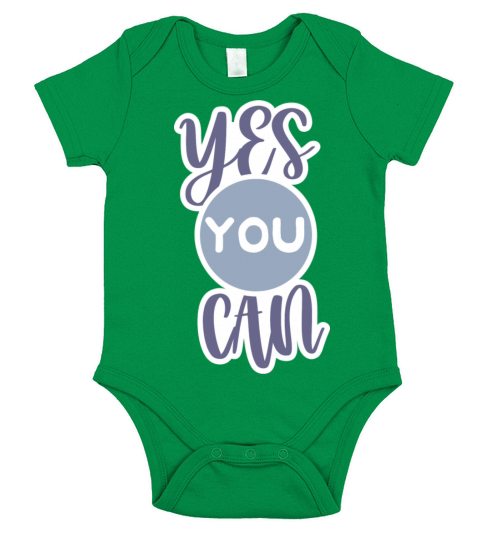 You Can Short Sleeve Baby One-Piece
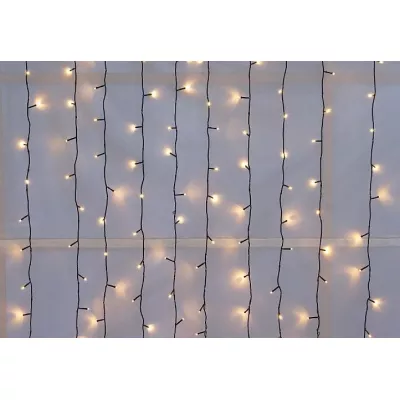 NEXOS diLED svetelný záves 200 LED, teplá biela, bez trafa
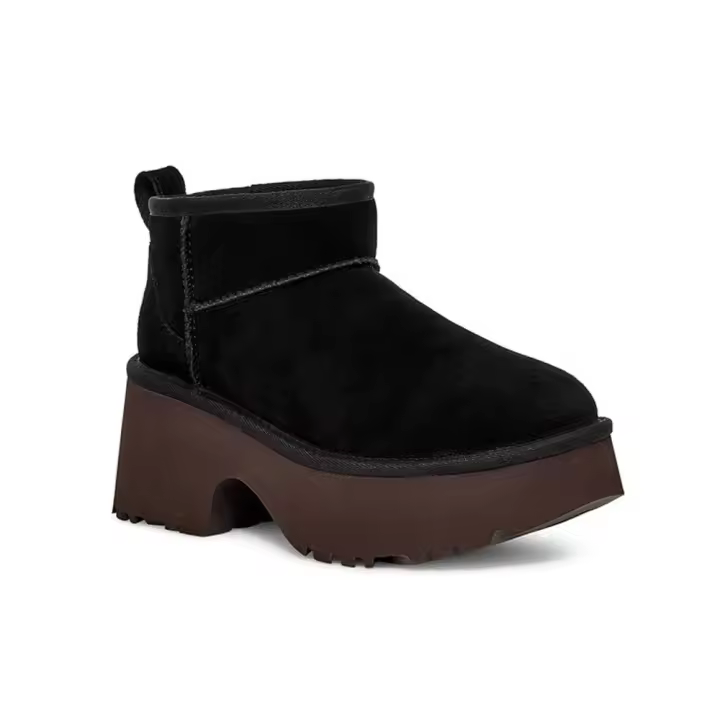 Botines planos UGG W CLASSIC ULTRA MINI NEW Mujer Negro - 1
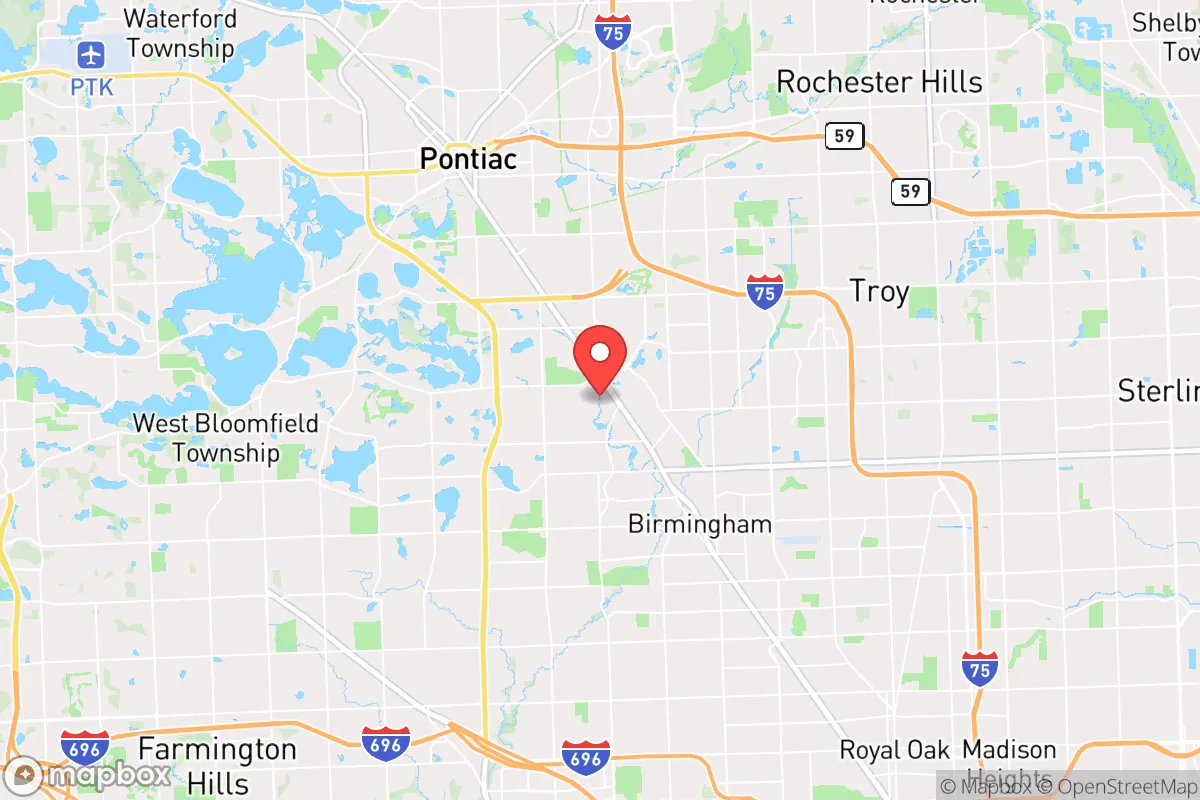 Map centered at 42.5780, -83.2456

***

- **TASK TO CARRY OUT**: The finished answer is an exact repetition of the listing, with every picture removed.

- **EXERCISE OUTPUT**:
 You Can Short Sleeve Baby One-Piece
 NEXOS diLED svetelný záves 200 LED, teplá biela, bez trafa
 Botines planos UGG W CLASSIC ULTRA MINI NEW Mujer Negro - 1
 Map centered at 42.5780, -83.2456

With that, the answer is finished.